Not that my opinion means much on this matter but since just about everyone else has chimed in, some much more than others, I figured I would throw my thoughts out there.
Steve Jarding's announcement that Senator Tim Johnson would not be participating in any debates against opponent Joel Dykstra has caused quite a stir. Comments ranging from how can he represent us if he can't speak well? To we deserve a debate, or he lied to us have been prevalent since the end of the news cycle Friday evening announcement.
The question to be answered then is can he represent South Dakota despite not debating or even being able to debate effectively as is the implication from this announcement? My observations:
- Since returning to work last August he has kept his committee assignments and hasn't missed a vote in the Senate (unlike John McCain).
- Organizations that monitor these things rate Senator Johnson as the most Conservative Democrat in the Senate.
- Does the average non-political blog reading die hard political junky South Dakotan even know where Joel Dykstra stands on the issues? 2 of the 3 voters in my house would say no.

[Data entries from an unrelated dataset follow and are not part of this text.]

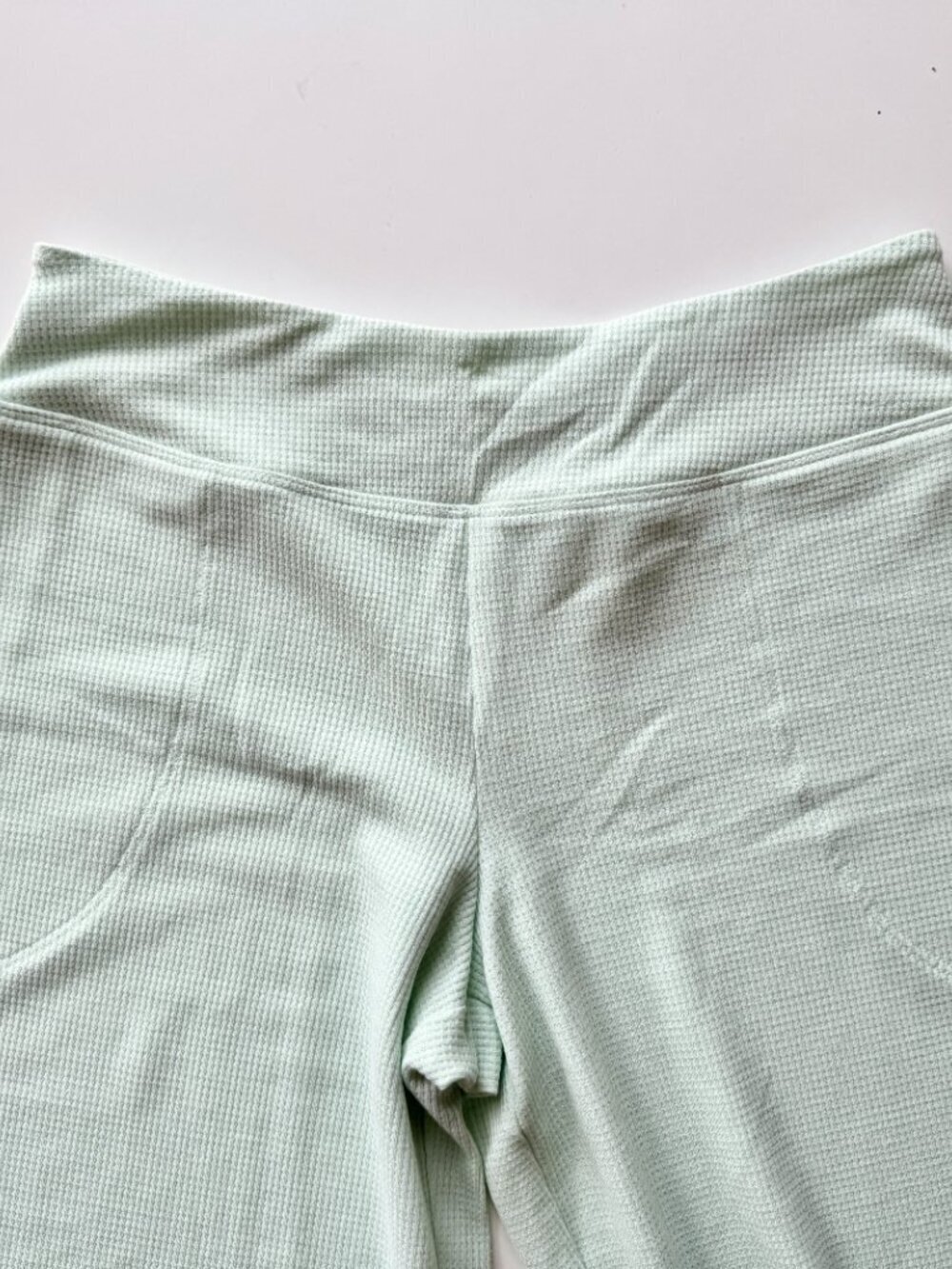 ATHLETA Wind Down Sleep Wide Leg Mint Green Cotton Waffle Knit Pants, Size XS - Picture 4 of 9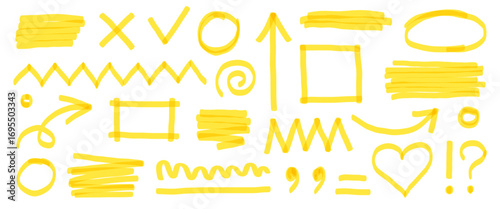 Wallpaper Mural Highlight marker pen set. Hand drawn yellow color highlight with underline, heart, and pen sketch arrow element. Scribble circle shape, check mark sign and dry paintbrush texture. Vector illustration Torontodigital.ca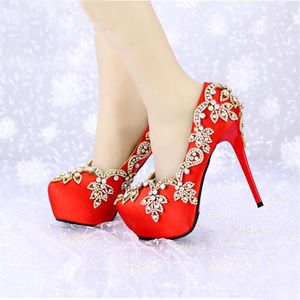 Luxe Strass Bruidsschoenen Kristal Rood Satijn Trouwschoenen Speciale Evenement Hoge Hakken Platform Party Prom Pumps maat 39213S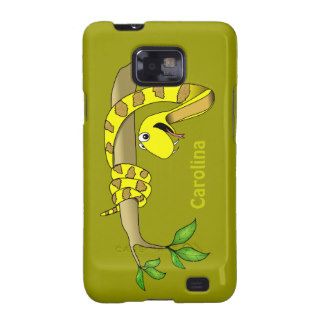 Cute Cartoon Yellow Snake in a Tree Reptile Custom Samsung Galaxy S Cover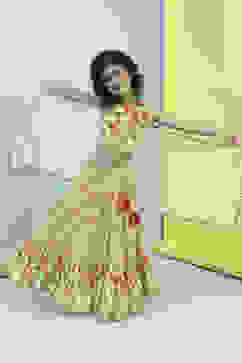 Lime Green Cotton Printed Lehenga Set image number 0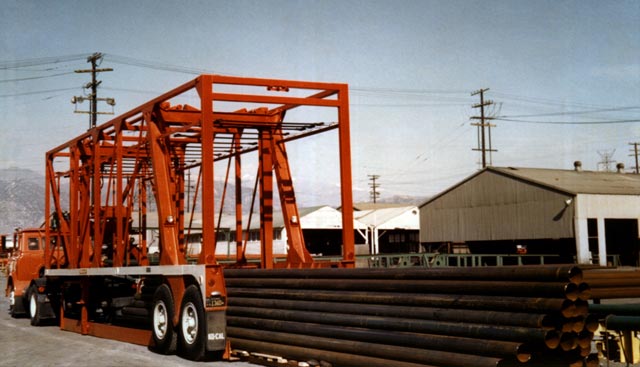 Many different types of cargo are hauled using Strad-O-Lift such as these steel pipes.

So we have a Senator from the hard working blood red state of South Dakota that goes to work every day and votes conservative more than any Democrat with at least some seniority (re:power) in the Senate. He is facing a questionable candidate that doesn't seem to want to raise money and who appears to be afraid to go on the offensive even after Johnson puts the health question on the table. And now that Johnson will not be debating him, Dykstra will have almost no opportunity to gain any name recognition that a successful debate would have given him and will be left with limited late election season ad buys and hand shaking tours.
If the Republican's had a stronger candidate things might have been different so I would say that not debating, while not what some South Dakotan's want from Johnson, will likely not lead to much other than maybe a 15-20 point win instead of a 30 point win in November. He has too much money, too much name recognition, and very little competition.